Sie weinte so sehr, ich hatte noch nie eine Frau so weinen sehen und immer wieder zeigte sie auf die Tafel, sagte natürlich nichts, denn bis auf die 47 war sie ewig stumm geblieben. Es wirkte wirklich, als hätte ihr Leben davon abgehangen.
Ich beschloss deshalb noch in einem Restaurant Pfannkuchen zu holen, keine Ahnung warum, irgendwie hatte mich das tief berührt, es war anders gewesen, als wenn jemand sonst in Tränen ausbrach, das war viel echter, bedeutender. Doch als ich mit dem verpackten Essen zurückkam und in ihr Zimmer wollte, fand ich sie, tot, Herzinfarkt. An der Wand prangerte eine gemalte 47.
Man gab mir die nächste Woche frei und als ich die Tage wieder kam, händigte mir ein anderer Pfleger das Buch aus. Thomas Woynich, ‚Das Ende‘.
"Warum gibst du mir das?", fragte ich. "Sie hat es dir vererbt.
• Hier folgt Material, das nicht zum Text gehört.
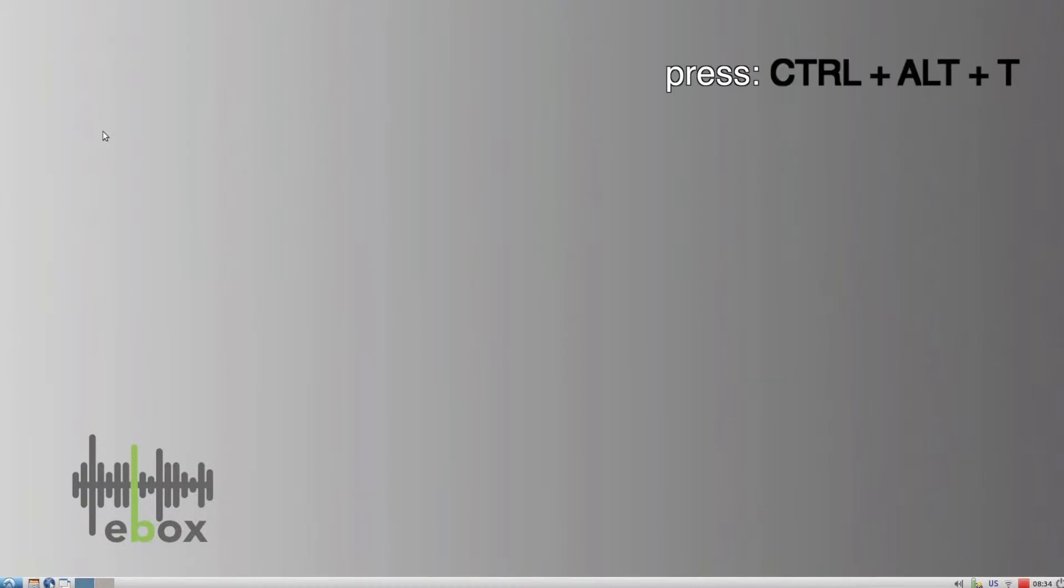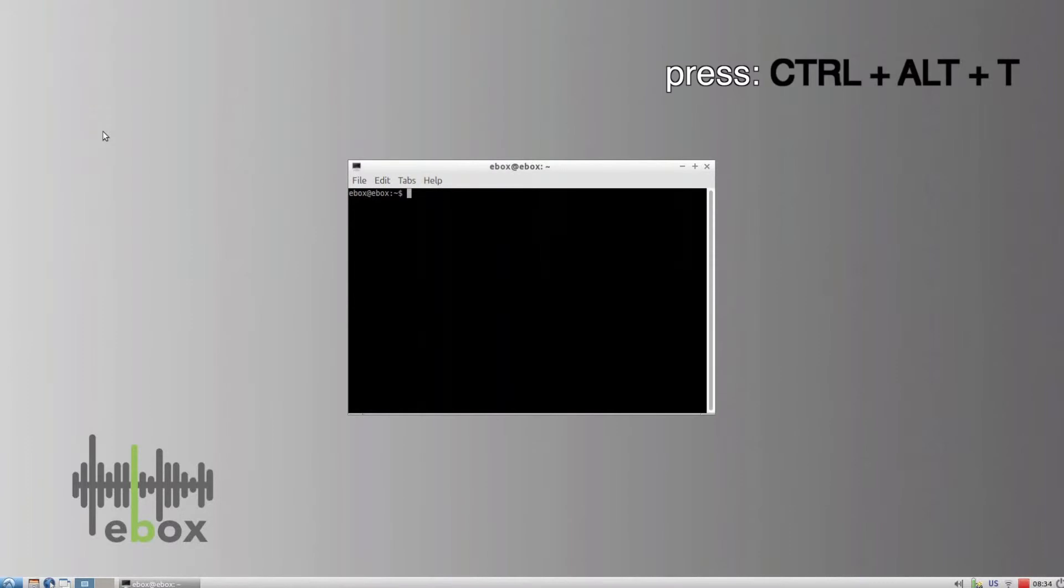Press Ctrl+Alt+T to open a terminal. Type sudo su and press enter.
Sarah Malin, du weißt doch." Ich war verwundert und fragte nochmal.
"Ja, sie wollte, dass du das bekommst; siehst du“, sagte der Pfleger und zeigte mir irgendeinen Wisch von einem Notar.
Ich nahm das Buch dann abends mit nach Hause und las mich ein wenig ein. Die Sätze machten oft keinen Sinn, teilweise waren es nur Wortfetzen und ich fragte mich wie jemand so etwas schreiben konnte und vielmehr noch wie jemand so etwas lesen konnte, vielleicht war es irgendein zeitgenössischer, unverständlicher Quatsch, der als besonders intellektuell galt. Ich legte das Buch dann zur Seite, erst mal ohne weiter darüber nachzudenken.

Das ist nun ein paar Wochen her und ich musste, heute als ich mir gerade Pfannkuchen zum Frühstück machte, wieder an Sarah Malin denken, wie sie immer und immer wieder 47 schrie und später die Zahl 47 murmelte; und plötzlich fuhr mir ein seltsamer Gedanke durch den Kopf.
Ich kehrte zurück, packte Stift und Papier und machte mich dann an dem Buch zu schaffen und dann erkannte ich es.
Als ich jedes 47. Zeichen herausschrieb, bildeten sich die Worte: „Sarah Malin stirbt am 5.2.2014 an Herzinfarkt“.
Zitternd legte ich das Buch weg, war verwirrt und tausende Gedanken stolperten kreuz und quer durch meine Gehirnwindungen. Das konnte nicht real sein, das durfte nicht real sein. Dieses Buch konnte unmöglich ihren Tod vorausgesagt haben. Trotz des Schocks packte mich nur wenige Gedanken später eine schreckliche Neugier, eine schreckliche Idee.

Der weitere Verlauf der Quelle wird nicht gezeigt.